• **EXERCISE GOAL**: Starting at the line that contains "1girls 2024 animal_ears" and stopping after the line that contains "The basin just below Twin Peaks", transcribe the listing below exactly; do not include any pictures.

*** Block opens ***

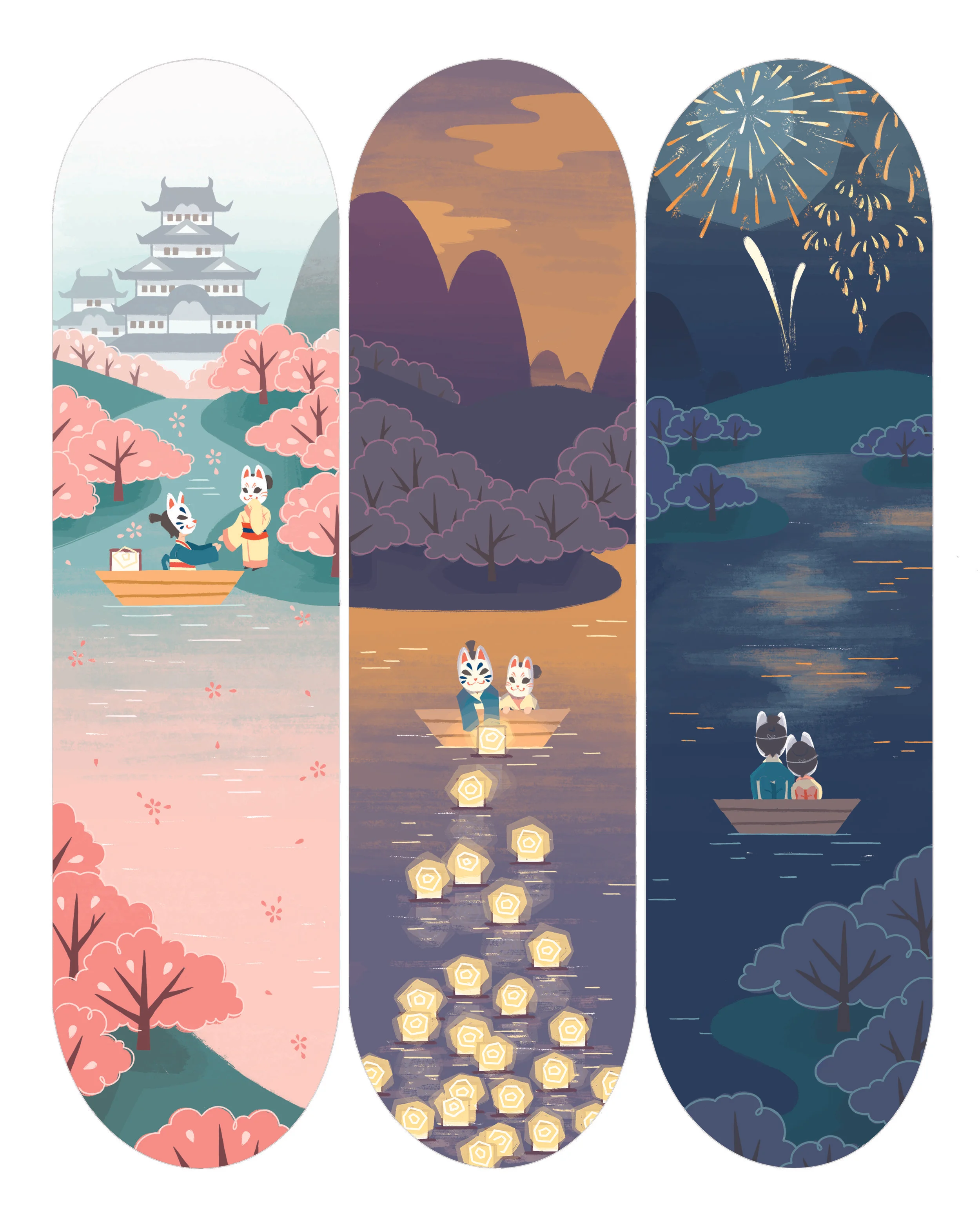a concept for a trio of skateboard decks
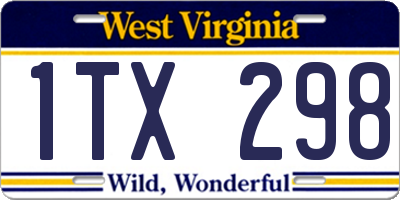 WV license plate 1TX298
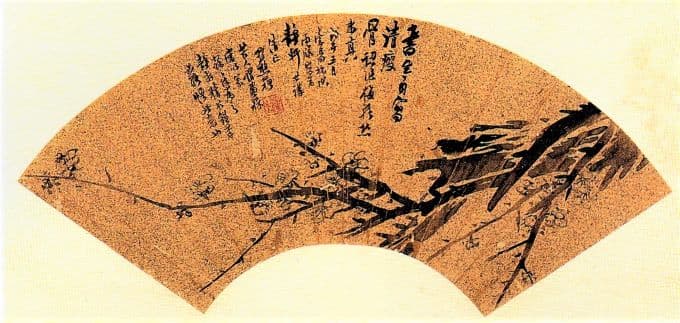 謝琯樵〈墨梅〉扇面。 圖 / 現藏於國立臺灣美術館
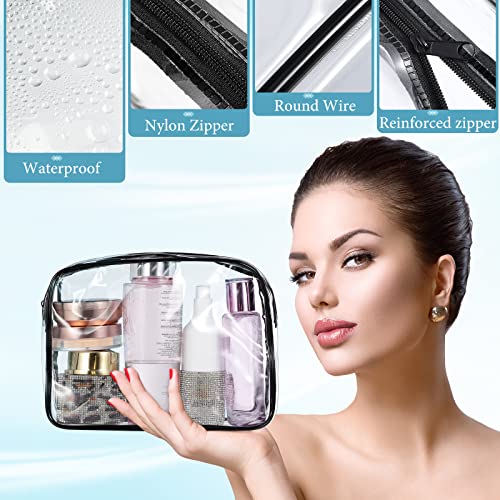 Weewooday 12 Pcs Clear Cosmetic Bags PVC Zipper,Large,Black - color: Black, size: Large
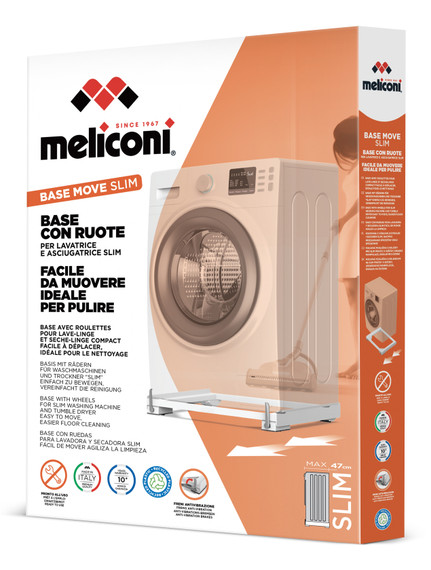 Meliconi Base Move Slim accessorio per lavatrice Slim - Base con ruote e freni antivibrazione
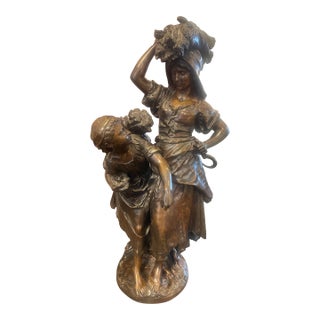 Antique Bronze by Mathurin Moreau Entitled “Return From the Harvest” Foundry Mark For Sale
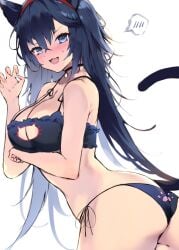 1girls 2024 animal_ears arknights ass_focus bikini black_hair blaze_(arknights) blue_eyes blush boob_window cat_ears cat_tail catgirl highres kemonomimi light-skinned_female light_skin long_hair looking_at_viewer paw_pose plastic_night_q pose posing smile solo standing underwear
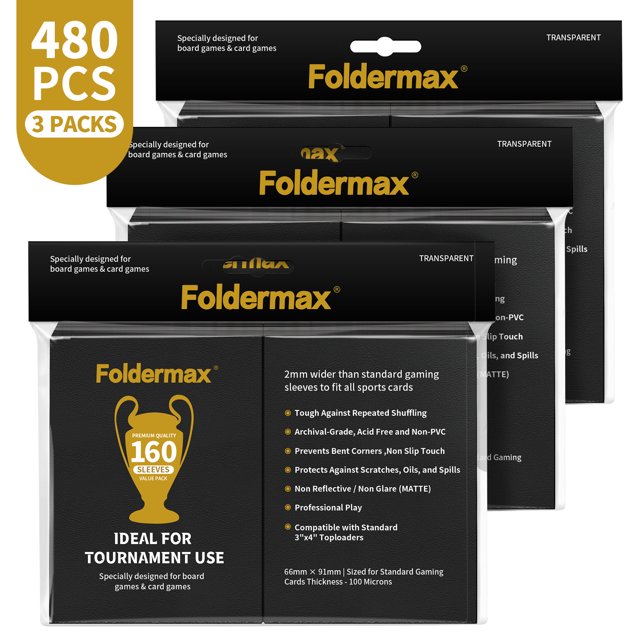 480pcs Foldermax Matte Black Card Sleeves for Trading Cards Deck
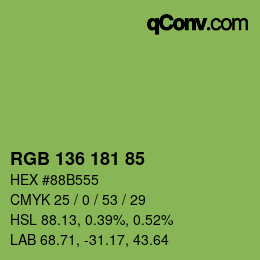 Color code: RGB 136 181 85 | qconv.com
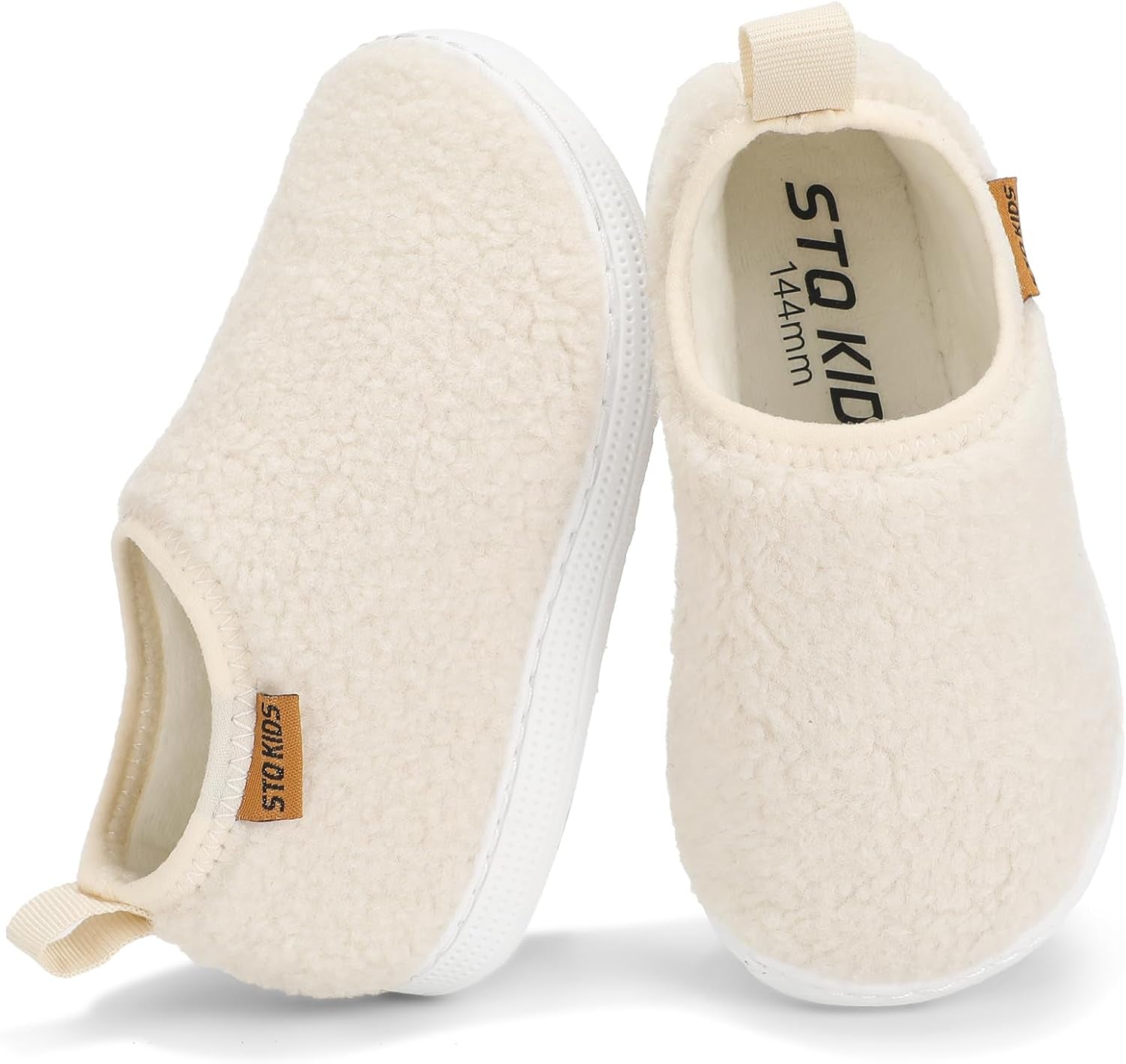 Toddler Kids Slippers Boys Girls Indoor House Shoes Non-Slip Fuzzy Warm Woolen Bedroom Baby Slip on Slipper Cozy Lightweight Walking Shoes for Home Outdoor Winter Unisex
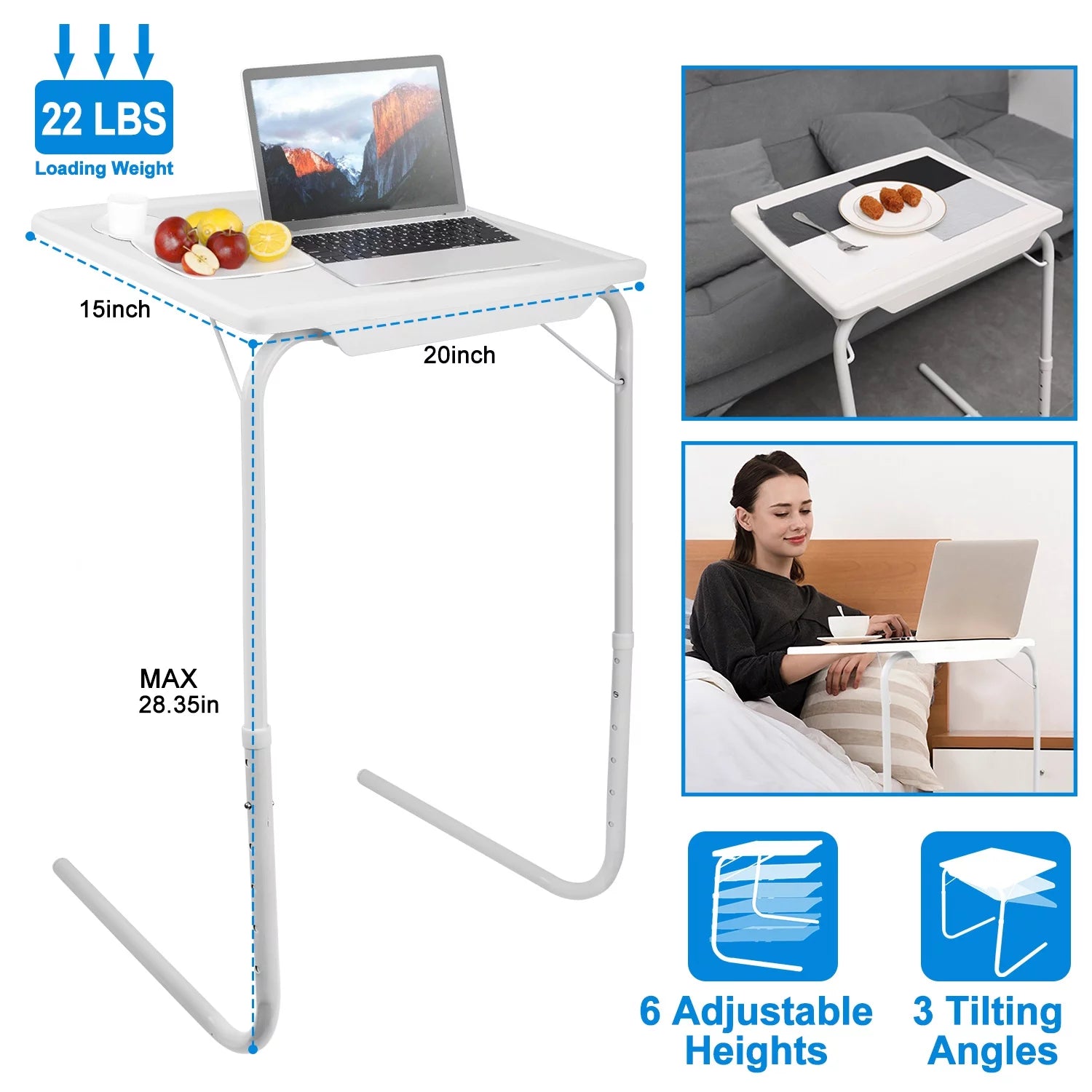 iMounTEK Folding Snack TV Tray Table, Adjustable Height & Angle, 20" x 15" J754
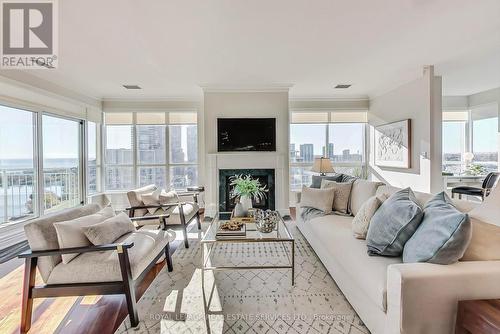 Ph17 - 2111 Lake Shore Boulevard W, Toronto, ON - Indoor Photo Showing Living Room With Fireplace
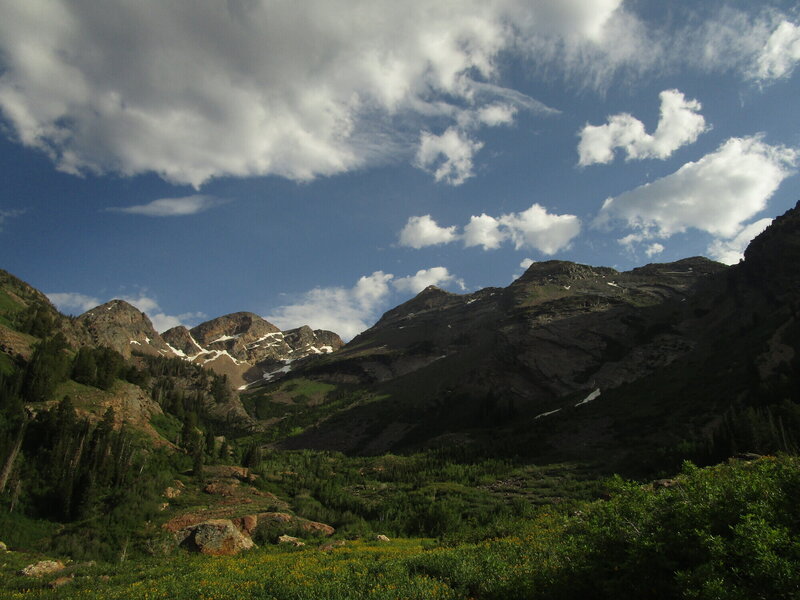 The basin just below Twin Peaks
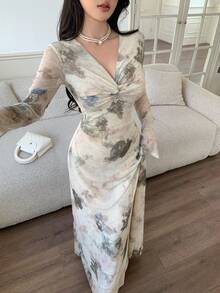 Feyla Women's Elegant Commuter Floral Print Twist Dress Unique Dress - Multicolor - View 4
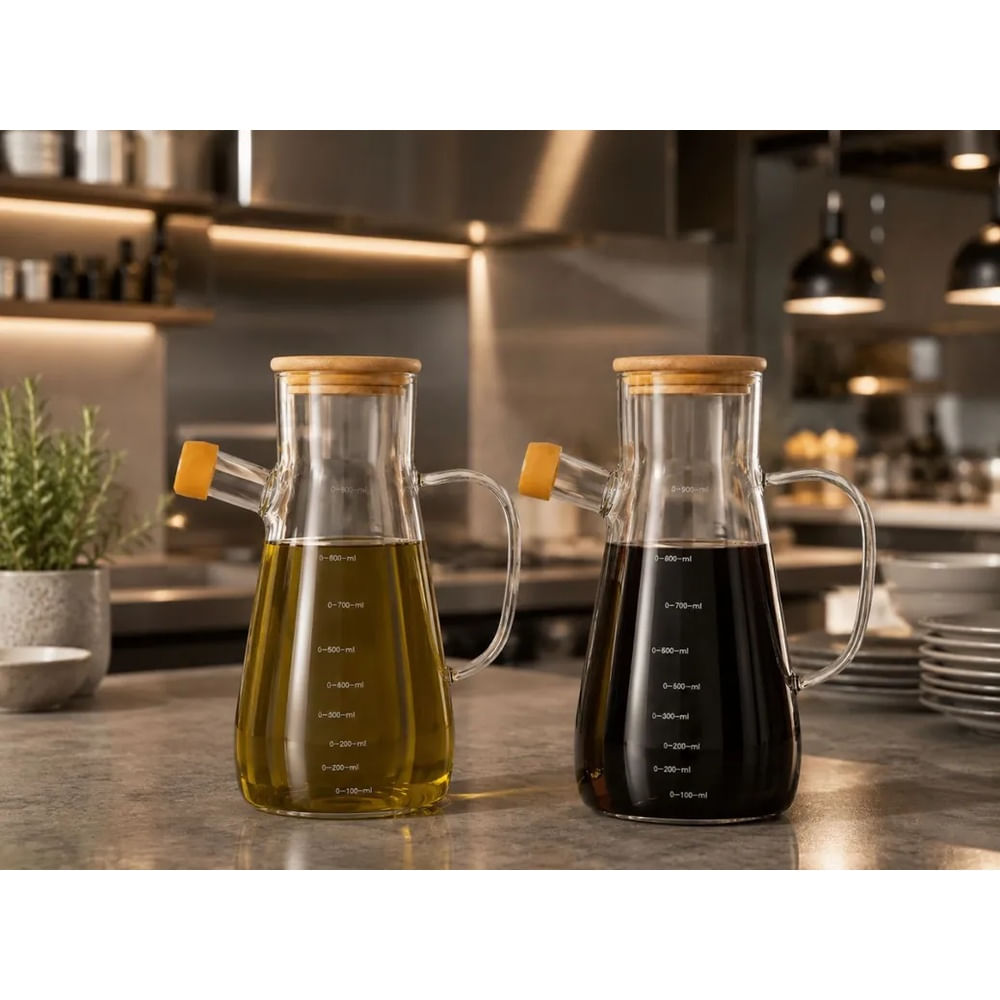 Aceitera de Vidrio Borosilicato 900ML con Tapa de Bambú y Pico Antiderrame Transparente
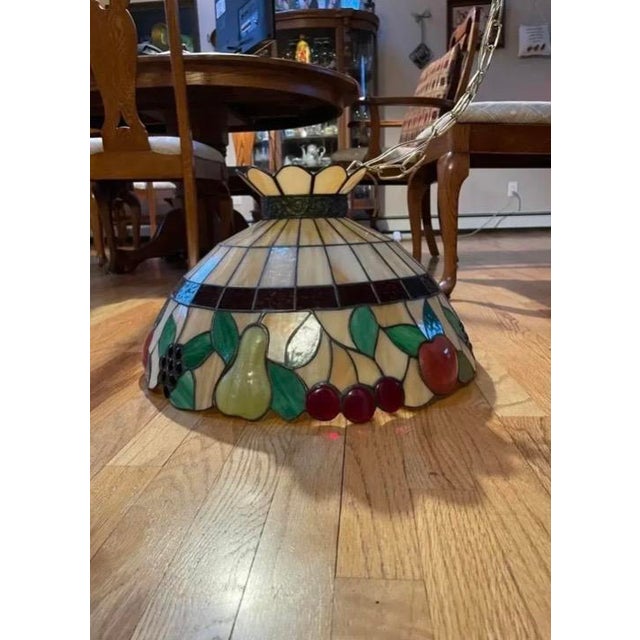 Mid 20th Century Modern Tiffany Style Stained Glass Pendant Light Fixture For Sale In New York - Image 6 of 7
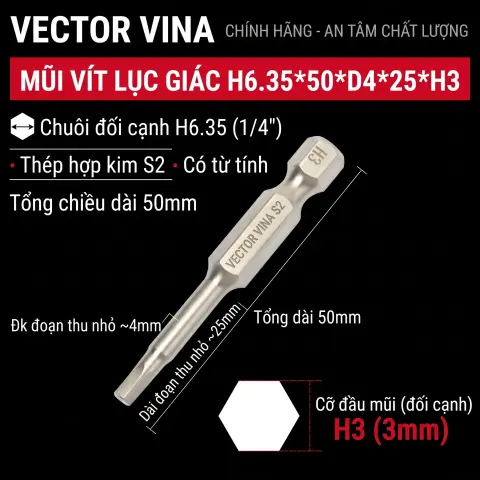 Mũi vít lục giác chìm mạ điện chống gỉ thép S2 chuôi H6.35 VECTOR VINA (50mm - 200mm, H1.5 - H10) – H6.35*50*D4*25*H3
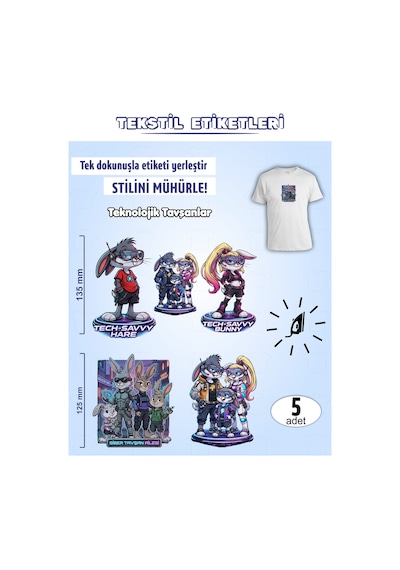 Ütü İle Yapışan Kıyafet Etiketi Teknolojik Tavşanlar 5li Set Karışık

*** Block closes ***

• **TASK ANSWER**:
 1girls 2024 animal_ears arknights ass_focus bikini black_hair blaze_(arknights) blue_eyes blush boob_window cat_ears cat_tail catgirl highres kemonomimi light-skinned_female light_skin long_hair looking_at_viewer paw_pose plastic_night_q pose posing smile solo standing underwear
 480pcs Foldermax Matte Black Card Sleeves for Trading Cards Deck
 Color code: RGB 136 181 85 | qconv.com
 Toddler Kids Slippers Boys Girls Indoor House Shoes Non-Slip Fuzzy Warm Woolen Bedroom Baby Slip on Slipper Cozy Lightweight Walking Shoes for Home Outdoor Winter Unisex
 iMounTEK Folding Snack TV Tray Table, Adjustable Height & Angle, 20" x 15" J754
 Ph17 - 2111 Lake Shore Boulevard W, Toronto, ON - Indoor Photo Showing Living Room With Fireplace
 The basin just below Twin Peaks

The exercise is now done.